Wow... lots of stuff going on at MTK home :) New bed, first haircut (I'm extremely lucky with my oldest son, he's a perfect angel at the hairdresser as well as the pediatrician's office), pediatrician troubles, child care troubles... Phew!

I'm glad you're in maternity leave! I think it would be pretty tough to take care of two boys at 2 years old, though a 4 y.o AND a 2 y.o. is pretty tough as well!!
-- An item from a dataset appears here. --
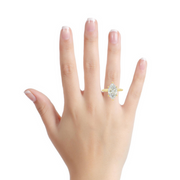 14K Yellow Gold Lab Grown Marquise Diamond Engaement ring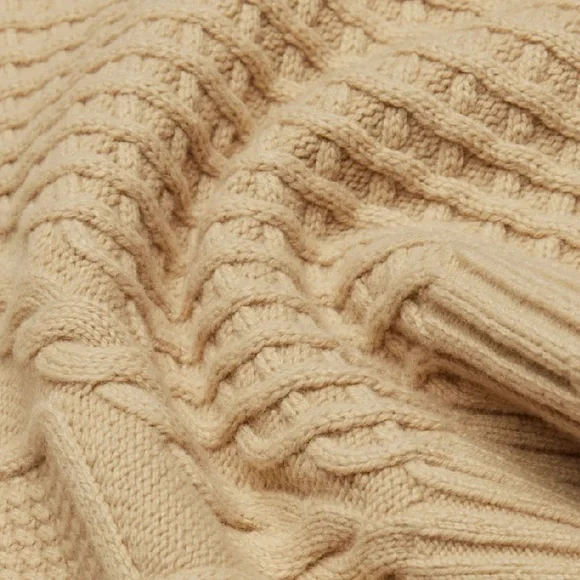 Aritzia Sunday Best Peggy Cropped Merino Wool Cable Knit Cream Sweater 2XS - Picture 6 of 14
I'm sure I could comment on many other things, but I have to go to bed now :)

giovanni said...

Quite a character, your little Milo! Up to my fourth or fifth some people believed I could not speak any language because I did not say a word. So here you go, Milo, becoming fluent in Italian, French, Dutch, and English, I guess. Ma sei capriccioso... Allora, fuori!, a giocare, correre, combattere (con tuo padre)... e dopo règnera nuovamente la pace nella casa.

Anonymous said...

around the same age as milo i changed my daughter from her cot to a bed and i faced the exact same problem. From the day she was born she wasn't a great sleeper but from 1 year old we could after her bed time routine, leave her in her cot to fall asleep. all that changed when she moved to her bed and we spent endless nights trying to get her to bed and stay there. we were both stressed and shattered the only thing that works for us is that after a bed time routine and a story i lie down with her for 10 minutes max until she falls asleep and then leave the room. Job done!! it might not the right thing to do but it works really well for us.

Clo said...

Thank you all for your supportive messages! Giovanni, you are right: Milo is very 'capriccioso'!I think hthe arrival of his brother will fix that up, perhaps not right away, but in the long run...

Kristell, we try that as well, but he gets super excited at bed time and at the end it's us falling asleep in his bed and him running around the house like a party animal!!! I think we just have to be patient and persistent...hopefully iy will not take years!